(Brief descriptive captions)
+++

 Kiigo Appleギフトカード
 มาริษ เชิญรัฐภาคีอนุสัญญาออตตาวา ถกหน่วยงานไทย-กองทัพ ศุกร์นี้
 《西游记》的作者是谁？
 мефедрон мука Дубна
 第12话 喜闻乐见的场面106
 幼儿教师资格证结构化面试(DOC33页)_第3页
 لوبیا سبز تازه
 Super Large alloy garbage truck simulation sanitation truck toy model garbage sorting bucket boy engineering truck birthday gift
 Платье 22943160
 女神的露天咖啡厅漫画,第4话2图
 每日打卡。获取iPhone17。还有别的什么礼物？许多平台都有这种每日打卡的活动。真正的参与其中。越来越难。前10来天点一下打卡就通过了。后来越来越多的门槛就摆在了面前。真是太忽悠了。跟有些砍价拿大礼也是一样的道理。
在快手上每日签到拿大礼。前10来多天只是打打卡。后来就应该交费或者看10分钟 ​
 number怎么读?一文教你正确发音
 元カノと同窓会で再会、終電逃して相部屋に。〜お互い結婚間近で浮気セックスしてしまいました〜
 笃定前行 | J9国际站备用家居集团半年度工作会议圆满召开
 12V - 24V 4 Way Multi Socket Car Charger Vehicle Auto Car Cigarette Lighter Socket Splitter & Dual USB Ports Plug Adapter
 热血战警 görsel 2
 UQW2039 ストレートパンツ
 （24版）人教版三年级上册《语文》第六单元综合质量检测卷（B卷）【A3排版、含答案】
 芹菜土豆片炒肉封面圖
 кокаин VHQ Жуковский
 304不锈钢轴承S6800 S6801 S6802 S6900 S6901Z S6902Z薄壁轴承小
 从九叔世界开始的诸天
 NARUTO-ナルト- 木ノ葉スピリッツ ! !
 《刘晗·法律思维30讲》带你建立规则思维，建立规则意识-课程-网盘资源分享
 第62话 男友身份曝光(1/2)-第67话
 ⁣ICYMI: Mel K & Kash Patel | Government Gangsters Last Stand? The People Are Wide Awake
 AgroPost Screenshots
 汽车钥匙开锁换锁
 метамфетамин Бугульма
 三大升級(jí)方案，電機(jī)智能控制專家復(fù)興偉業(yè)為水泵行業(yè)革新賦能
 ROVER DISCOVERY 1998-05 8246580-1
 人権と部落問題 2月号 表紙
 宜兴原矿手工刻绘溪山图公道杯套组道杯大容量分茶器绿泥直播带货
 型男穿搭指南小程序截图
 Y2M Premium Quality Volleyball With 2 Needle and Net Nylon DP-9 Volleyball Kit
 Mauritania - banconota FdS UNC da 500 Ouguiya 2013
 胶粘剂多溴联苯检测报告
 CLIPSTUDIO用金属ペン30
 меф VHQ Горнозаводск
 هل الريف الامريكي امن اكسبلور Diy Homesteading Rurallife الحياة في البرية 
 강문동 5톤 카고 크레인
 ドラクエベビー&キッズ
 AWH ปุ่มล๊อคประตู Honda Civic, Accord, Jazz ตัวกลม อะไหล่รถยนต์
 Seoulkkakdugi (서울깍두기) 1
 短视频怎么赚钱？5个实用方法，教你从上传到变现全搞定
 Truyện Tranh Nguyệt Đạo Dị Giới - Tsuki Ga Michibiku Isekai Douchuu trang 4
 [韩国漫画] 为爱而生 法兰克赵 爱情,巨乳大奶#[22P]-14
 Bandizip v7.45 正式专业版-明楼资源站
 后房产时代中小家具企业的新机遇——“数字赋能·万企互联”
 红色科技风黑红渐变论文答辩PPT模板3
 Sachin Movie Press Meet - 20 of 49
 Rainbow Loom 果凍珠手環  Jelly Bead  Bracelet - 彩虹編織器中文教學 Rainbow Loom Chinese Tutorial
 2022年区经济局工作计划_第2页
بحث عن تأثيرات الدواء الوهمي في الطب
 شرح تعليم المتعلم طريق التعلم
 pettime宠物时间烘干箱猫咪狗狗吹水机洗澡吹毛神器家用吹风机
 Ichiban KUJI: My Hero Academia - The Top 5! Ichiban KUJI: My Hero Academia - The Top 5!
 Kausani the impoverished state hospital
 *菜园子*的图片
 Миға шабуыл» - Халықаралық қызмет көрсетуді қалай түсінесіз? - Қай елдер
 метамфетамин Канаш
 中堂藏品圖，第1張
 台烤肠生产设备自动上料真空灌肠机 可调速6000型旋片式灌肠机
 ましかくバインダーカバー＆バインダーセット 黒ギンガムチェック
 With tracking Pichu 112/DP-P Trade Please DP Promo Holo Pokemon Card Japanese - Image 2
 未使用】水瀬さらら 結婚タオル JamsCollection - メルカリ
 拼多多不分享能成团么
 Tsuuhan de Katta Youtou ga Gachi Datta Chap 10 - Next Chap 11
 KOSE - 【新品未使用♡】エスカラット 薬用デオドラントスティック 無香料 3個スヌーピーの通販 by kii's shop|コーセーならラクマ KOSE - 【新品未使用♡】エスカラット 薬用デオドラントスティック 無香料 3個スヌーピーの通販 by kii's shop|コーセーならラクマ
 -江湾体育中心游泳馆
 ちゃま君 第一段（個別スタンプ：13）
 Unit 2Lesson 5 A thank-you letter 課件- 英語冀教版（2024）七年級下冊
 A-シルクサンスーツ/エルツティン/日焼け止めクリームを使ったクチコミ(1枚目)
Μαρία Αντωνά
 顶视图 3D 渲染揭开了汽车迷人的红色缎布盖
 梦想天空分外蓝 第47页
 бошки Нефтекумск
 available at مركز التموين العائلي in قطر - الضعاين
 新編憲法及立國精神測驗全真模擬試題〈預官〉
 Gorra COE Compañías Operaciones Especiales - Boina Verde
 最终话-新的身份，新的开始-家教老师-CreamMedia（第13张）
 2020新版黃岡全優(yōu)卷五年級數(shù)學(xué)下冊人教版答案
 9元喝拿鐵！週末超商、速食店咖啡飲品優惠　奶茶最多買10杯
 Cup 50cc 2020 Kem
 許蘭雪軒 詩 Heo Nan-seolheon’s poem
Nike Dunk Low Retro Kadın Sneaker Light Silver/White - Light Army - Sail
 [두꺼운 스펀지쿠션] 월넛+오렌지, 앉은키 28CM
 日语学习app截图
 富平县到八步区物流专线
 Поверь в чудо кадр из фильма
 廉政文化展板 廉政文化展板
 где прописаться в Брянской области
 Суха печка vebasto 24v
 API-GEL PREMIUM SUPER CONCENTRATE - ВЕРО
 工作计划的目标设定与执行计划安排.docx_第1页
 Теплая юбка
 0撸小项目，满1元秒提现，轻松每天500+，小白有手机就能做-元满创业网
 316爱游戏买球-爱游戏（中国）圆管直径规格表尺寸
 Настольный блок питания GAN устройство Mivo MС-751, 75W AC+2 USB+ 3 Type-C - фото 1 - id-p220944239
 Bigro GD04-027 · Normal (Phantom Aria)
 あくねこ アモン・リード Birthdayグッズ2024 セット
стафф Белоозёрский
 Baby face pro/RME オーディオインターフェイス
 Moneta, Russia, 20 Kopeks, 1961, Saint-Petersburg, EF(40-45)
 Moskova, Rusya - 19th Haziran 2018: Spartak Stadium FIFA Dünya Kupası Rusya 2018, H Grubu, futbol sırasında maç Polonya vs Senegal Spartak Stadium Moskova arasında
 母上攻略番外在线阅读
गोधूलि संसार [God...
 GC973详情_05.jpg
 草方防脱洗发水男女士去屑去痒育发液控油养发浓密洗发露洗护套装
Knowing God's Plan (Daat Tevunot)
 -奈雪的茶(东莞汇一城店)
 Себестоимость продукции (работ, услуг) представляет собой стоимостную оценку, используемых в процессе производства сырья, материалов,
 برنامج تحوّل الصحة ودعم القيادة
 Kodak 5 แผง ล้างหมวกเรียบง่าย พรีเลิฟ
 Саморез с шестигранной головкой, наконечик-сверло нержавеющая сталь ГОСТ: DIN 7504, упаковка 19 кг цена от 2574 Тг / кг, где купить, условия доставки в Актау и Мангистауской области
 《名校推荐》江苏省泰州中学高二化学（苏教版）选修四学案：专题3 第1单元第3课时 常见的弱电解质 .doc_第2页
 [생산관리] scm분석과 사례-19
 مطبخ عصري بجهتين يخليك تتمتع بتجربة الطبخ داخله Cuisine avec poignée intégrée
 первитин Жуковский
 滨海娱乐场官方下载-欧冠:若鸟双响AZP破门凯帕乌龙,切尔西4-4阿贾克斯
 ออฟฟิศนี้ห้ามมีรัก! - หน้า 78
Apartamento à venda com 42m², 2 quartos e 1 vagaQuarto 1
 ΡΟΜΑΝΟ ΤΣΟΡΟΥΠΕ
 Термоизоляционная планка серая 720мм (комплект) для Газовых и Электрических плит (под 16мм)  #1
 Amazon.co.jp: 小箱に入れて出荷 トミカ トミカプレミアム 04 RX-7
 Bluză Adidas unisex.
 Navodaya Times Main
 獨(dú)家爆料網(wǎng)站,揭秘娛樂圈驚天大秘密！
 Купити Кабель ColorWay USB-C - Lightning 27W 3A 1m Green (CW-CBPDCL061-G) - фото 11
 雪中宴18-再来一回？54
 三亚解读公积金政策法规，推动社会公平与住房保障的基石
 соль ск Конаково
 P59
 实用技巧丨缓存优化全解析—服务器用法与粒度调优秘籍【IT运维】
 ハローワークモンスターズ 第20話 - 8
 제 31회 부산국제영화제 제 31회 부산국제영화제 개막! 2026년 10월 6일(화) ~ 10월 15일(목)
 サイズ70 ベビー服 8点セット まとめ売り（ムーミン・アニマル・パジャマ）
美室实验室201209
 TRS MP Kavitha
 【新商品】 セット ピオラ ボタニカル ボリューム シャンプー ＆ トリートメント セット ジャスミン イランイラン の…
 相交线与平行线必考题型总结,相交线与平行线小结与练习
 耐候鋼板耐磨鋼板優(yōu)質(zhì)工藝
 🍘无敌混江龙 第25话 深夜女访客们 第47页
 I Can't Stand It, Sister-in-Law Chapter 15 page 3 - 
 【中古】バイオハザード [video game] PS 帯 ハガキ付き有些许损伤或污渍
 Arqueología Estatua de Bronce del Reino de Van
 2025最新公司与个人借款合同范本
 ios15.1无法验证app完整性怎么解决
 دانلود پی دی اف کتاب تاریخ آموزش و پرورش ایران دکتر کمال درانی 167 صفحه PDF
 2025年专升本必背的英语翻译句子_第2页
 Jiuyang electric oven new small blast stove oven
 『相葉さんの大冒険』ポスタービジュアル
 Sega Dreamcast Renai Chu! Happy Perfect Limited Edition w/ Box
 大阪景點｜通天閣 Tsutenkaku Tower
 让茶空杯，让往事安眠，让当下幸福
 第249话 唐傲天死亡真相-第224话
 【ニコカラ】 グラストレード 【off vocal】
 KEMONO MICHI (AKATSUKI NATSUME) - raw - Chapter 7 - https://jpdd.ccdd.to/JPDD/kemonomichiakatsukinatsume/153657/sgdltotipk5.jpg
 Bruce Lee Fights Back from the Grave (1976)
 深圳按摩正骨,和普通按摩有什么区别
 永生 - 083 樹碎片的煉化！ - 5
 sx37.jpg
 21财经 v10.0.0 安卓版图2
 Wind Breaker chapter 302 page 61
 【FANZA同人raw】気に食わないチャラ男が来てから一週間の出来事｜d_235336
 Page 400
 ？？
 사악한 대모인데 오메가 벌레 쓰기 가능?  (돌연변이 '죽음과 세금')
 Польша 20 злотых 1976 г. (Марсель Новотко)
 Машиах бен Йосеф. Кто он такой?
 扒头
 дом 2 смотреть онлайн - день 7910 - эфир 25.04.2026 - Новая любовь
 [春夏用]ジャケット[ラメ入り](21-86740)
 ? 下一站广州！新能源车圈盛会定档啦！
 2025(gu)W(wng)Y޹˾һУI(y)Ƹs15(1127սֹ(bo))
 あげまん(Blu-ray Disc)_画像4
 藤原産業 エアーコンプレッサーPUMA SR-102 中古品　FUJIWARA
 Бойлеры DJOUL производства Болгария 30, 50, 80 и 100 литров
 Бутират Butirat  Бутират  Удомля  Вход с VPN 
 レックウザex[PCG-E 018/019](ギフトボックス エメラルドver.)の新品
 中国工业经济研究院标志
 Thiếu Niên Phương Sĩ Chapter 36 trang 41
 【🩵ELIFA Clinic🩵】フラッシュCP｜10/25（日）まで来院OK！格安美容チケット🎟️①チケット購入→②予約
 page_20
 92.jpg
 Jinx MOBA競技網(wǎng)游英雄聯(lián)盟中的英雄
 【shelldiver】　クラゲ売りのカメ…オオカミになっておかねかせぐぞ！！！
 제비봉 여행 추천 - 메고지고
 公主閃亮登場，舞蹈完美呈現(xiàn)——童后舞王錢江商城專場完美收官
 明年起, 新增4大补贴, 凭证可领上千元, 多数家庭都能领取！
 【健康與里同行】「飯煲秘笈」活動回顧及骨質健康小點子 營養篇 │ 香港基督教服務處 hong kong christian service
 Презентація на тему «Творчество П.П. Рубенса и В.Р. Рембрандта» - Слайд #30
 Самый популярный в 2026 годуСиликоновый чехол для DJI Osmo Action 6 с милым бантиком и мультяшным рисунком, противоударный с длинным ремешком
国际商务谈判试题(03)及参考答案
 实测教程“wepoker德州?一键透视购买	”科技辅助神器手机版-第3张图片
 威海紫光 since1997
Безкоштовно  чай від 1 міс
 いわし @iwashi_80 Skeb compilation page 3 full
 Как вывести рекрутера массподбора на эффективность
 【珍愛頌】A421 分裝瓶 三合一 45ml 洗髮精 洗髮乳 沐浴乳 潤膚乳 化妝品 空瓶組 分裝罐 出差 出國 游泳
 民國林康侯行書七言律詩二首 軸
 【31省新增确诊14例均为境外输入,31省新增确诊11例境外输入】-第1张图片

+++

The expected answer is an exact copy of the lines above, beginning at the line with "ROVER DISCOVERY 1998-05 8246580-1" and ending at the line with "Суха печка vebasto 24v", with both ends in.

 ROVER DISCOVERY 1998-05 8246580-1
 人権と部落問題 2月号 表紙
 宜兴原矿手工刻绘溪山图公道杯套组道杯大容量分茶器绿泥直播带货
 型男穿搭指南小程序截图
 Y2M Premium Quality Volleyball With 2 Needle and Net Nylon DP-9 Volleyball Kit
 Mauritania - banconota FdS UNC da 500 Ouguiya 2013
 胶粘剂多溴联苯检测报告
 CLIPSTUDIO用金属ペン30
 меф VHQ Горнозаводск
 هل الريف الامريكي امن اكسبلور Diy Homesteading Rurallife الحياة في البرية 
 강문동 5톤 카고 크레인
 ドラクエベビー&キッズ
 AWH ปุ่มล๊อคประตู Honda Civic, Accord, Jazz ตัวกลม อะไหล่รถยนต์
 Seoulkkakdugi (서울깍두기) 1
 短视频怎么赚钱？5个实用方法，教你从上传到变现全搞定
 Truyện Tranh Nguyệt Đạo Dị Giới - Tsuki Ga Michibiku Isekai Douchuu trang 4
 [韩国漫画] 为爱而生 法兰克赵 爱情,巨乳大奶#[22P]-14
 Bandizip v7.45 正式专业版-明楼资源站
 后房产时代中小家具企业的新机遇——“数字赋能·万企互联”
 红色科技风黑红渐变论文答辩PPT模板3
 Sachin Movie Press Meet - 20 of 49
 Rainbow Loom 果凍珠手環  Jelly Bead  Bracelet - 彩虹編織器中文教學 Rainbow Loom Chinese Tutorial
 2022年区经济局工作计划_第2页
بحث عن تأثيرات الدواء الوهمي في الطب
 شرح تعليم المتعلم طريق التعلم
 pettime宠物时间烘干箱猫咪狗狗吹水机洗澡吹毛神器家用吹风机
 Ichiban KUJI: My Hero Academia - The Top 5! Ichiban KUJI: My Hero Academia - The Top 5!
 Kausani the impoverished state hospital
 *菜园子*的图片
 Миға шабуыл» - Халықаралық қызмет көрсетуді қалай түсінесіз? - Қай елдер
 метамфетамин Канаш
 中堂藏品圖，第1張
 台烤肠生产设备自动上料真空灌肠机 可调速6000型旋片式灌肠机
 ましかくバインダーカバー＆バインダーセット 黒ギンガムチェック
 With tracking Pichu 112/DP-P Trade Please DP Promo Holo Pokemon Card Japanese - Image 2
 未使用】水瀬さらら 結婚タオル JamsCollection - メルカリ
 拼多多不分享能成团么
 Tsuuhan de Katta Youtou ga Gachi Datta Chap 10 - Next Chap 11
 KOSE - 【新品未使用♡】エスカラット 薬用デオドラントスティック 無香料 3個スヌーピーの通販 by kii's shop|コーセーならラクマ KOSE - 【新品未使用♡】エスカラット 薬用デオドラントスティック 無香料 3個スヌーピーの通販 by kii's shop|コーセーならラクマ
 -江湾体育中心游泳馆
 ちゃま君 第一段（個別スタンプ：13）
 Unit 2Lesson 5 A thank-you letter 課件- 英語冀教版（2024）七年級下冊
 A-シルクサンスーツ/エルツティン/日焼け止めクリームを使ったクチコミ(1枚目)
Μαρία Αντωνά
 顶视图 3D 渲染揭开了汽车迷人的红色缎布盖
 梦想天空分外蓝 第47页
 бошки Нефтекумск
 available at مركز التموين العائلي in قطر - الضعاين
 新編憲法及立國精神測驗全真模擬試題〈預官〉
 Gorra COE Compañías Operaciones Especiales - Boina Verde
 最终话-新的身份，新的开始-家教老师-CreamMedia（第13张）
 2020新版黃岡全優(yōu)卷五年級數(shù)學(xué)下冊人教版答案
 9元喝拿鐵！週末超商、速食店咖啡飲品優惠　奶茶最多買10杯
 Cup 50cc 2020 Kem
 許蘭雪軒 詩 Heo Nan-seolheon’s poem
Nike Dunk Low Retro Kadın Sneaker Light Silver/White - Light Army - Sail
 [두꺼운 스펀지쿠션] 월넛+오렌지, 앉은키 28CM
 日语学习app截图
 富平县到八步区物流专线
 Поверь в чудо кадр из фильма
 廉政文化展板 廉政文化展板
 где прописаться в Брянской области
 Суха печка vebasto 24v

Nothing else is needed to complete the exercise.